Africa, Development & Aid, Food and Agriculture, Global Governance, Headlines, Human Rights

SOUTHERN AFRICA: Afeared of Its Own Tribunal

WINDHOEK, May 16 2011 (IPS) - The Southern African Development Community (SADC) faces several awkward problems at the Extraordinary Summit of Heads of State scheduled for May 20-21.

Zimbabwean war veterans hold a make-shift sign directing people to plots on a seized farm. Credit:  Fidelis Zvomuya/IPS

Zimbabwean war veterans hold a make-shift sign directing people to plots on a seized farm. Credit: Fidelis Zvomuya/IPS

Mediating between parties in Zimbabwe over a workable plan for elections and power-sharing in Madagascar may be the headlines, but long-delayed action on the decisions of the SADC Tribunal could also have long-lasting consequences for human rights and the rule of law in the region.

Since 2008, the SADC Tribunal has handed down a series of decisions on cases of expropriation of farmers in Zimbabwe; over 3,000 mostly white commercial farmers were thrown off their land beginning in 2000, according to the Zimbabwe government, in order to redistribute their land to landless people.

While the rulings all were in favour of the evicted farmers, Zimbawe flatly refused to recognise the court’s authority to order compensation for the land seized. The Tribunal referred the matter to the SADC heads of state for a decision.

Unable to face the political consequences of ejecting or suspending Zimbabwe from the regional bloc, SADC leaders instead suspended the Tribunal at their August 2010 summit, pending a “review” of its functions.

Ten years of land reform in Zimbabwe

Land reform is a powerfully emotive issue in Southern Africa, where a white minority still holds much of the most valuable agricultural land. Zimbabwe's rapid, often violent seizure of farm land was framed as fulfilling a promise of liberation.

A 2010 review by the Southern African Confederation of Agricultural Unions - an umbrella body for commercial farmers across the region - found land reform efforts in Zimbabwe and elsewhere had achieved poor results in terms of agricultural productivity or improving the livelihoods of the poorest.
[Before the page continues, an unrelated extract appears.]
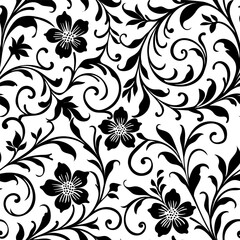 Seamless decorative floral damask wallpaper pattern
Poor planning, inadequate funding and a lack of technical support for new farmers are highlighted as key reasons for the failure.

Members of the agricultural unions are, of course, have a powerful interest in protecting their ownership of large tracts of land from redistribution to hundreds of thousands of those dispossessed in colonial times, but the collapse of farm productivity on land transferred in Zimbabwe and elsewhere in the region is well-documented.

Farm owners have not been the only casualties; farm workers' lot in both Zimbabwe and Southern Africa has also been affected.

This review – conducted by a team of University of Cambridge consultants and completed on Feb. 14 – not unexpectedly confirmed the Tribunal had acted properly and within its powers on the farmer’s affair. The list of 34 recommendations in the confidential report – of which IPS has a copy – suggested a strengthening of the regional court to avoid the kind of maneuvering that has delayed relief for the farmers.

Lawyer Norman Tjombe, who argued some of the cases in question said, “The report was rather positive on the Tribunal, supporting its rulings on Zimbabwe and recommending strengthening of its functions. It made Zimbabwe very angry.”

The first indications that the recommendations were not exactly what SADC was hoping for came as the SADC Council of Ministers met to consider the review in Swakopmund, Namibia from Apr. 11-15. The Namibian chairing the review, Minister of Justice Pendukeni Ivula-Ithana, opened the meeting saying : “[It] is us, the people of SADC who can own our instruments as they address our identified concerns and are compatible with our national legal systems.”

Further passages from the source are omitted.